Sunlight, piercing the stale warmth of the bedroom, fell across Nicole’s back and the long strands of her dark hair. Her skin was brown and coarsened by too much exposure on the beach.
Spotlighted, the fly was rubbing its front legs together. Hurford remembered peasant women washing clothes on the rocks by streams outside their villages.

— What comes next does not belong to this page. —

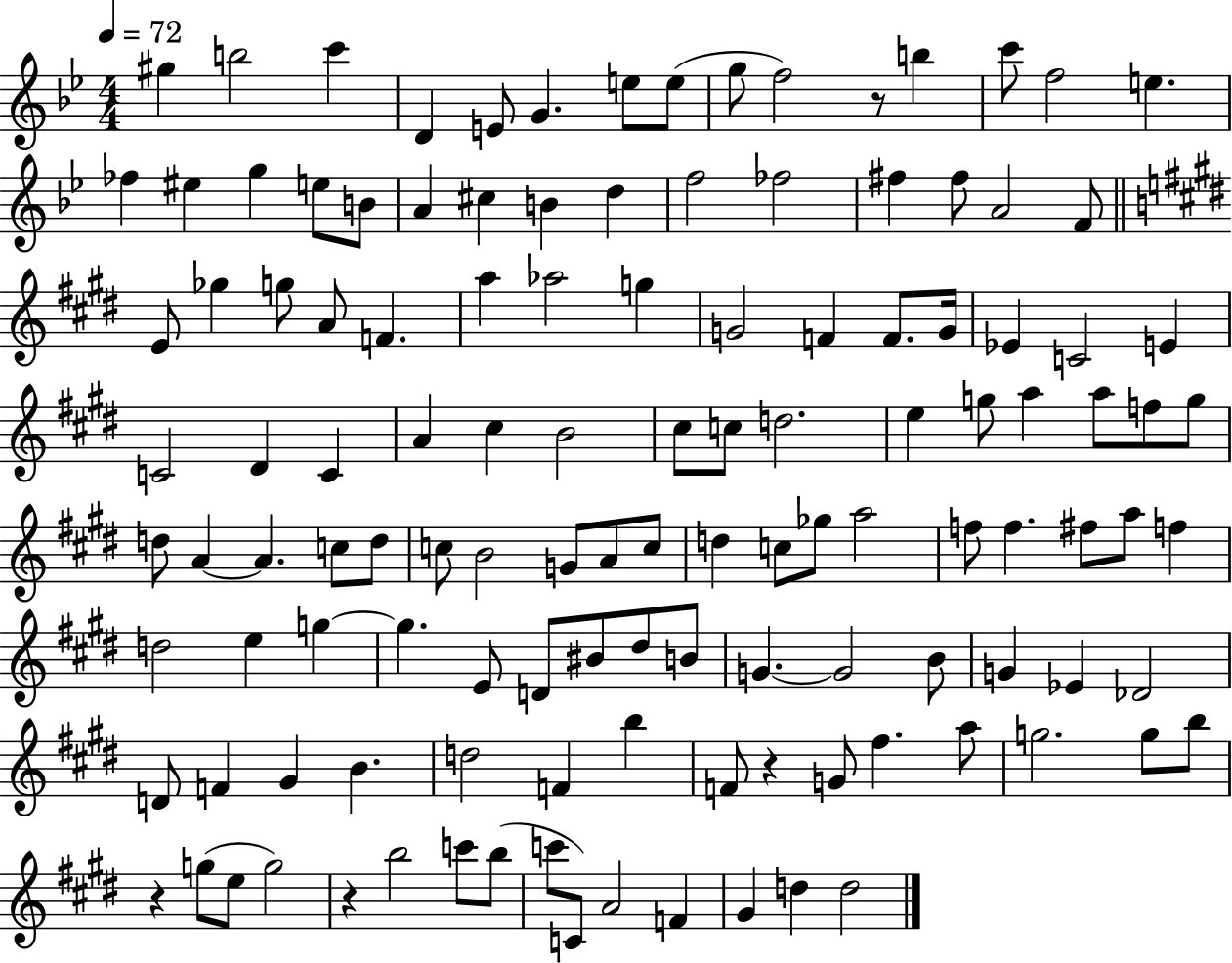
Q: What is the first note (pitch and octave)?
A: G#5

Kicking the sheet away, he swung his legs over the bed. There was no danger of waking Nicole. He could tell from her breathing and from the way she lay slumped in the bed that she was sleeping
at her heaviest. The sheet, falling away, revealed her bare back down to the cleft where her heavy buttocks began. It was hard to believe that she was still only twenty-three. Her hips were the
hips of a matron even though her face was a girl’s.
The thought of girls reminded him of his interview with Monsieur Jaillot, the headmaster of the school where, until eight days ago, he had taught. Incredulity and anger at Jaillot’s
accusations had passed and given place to brooding resentment.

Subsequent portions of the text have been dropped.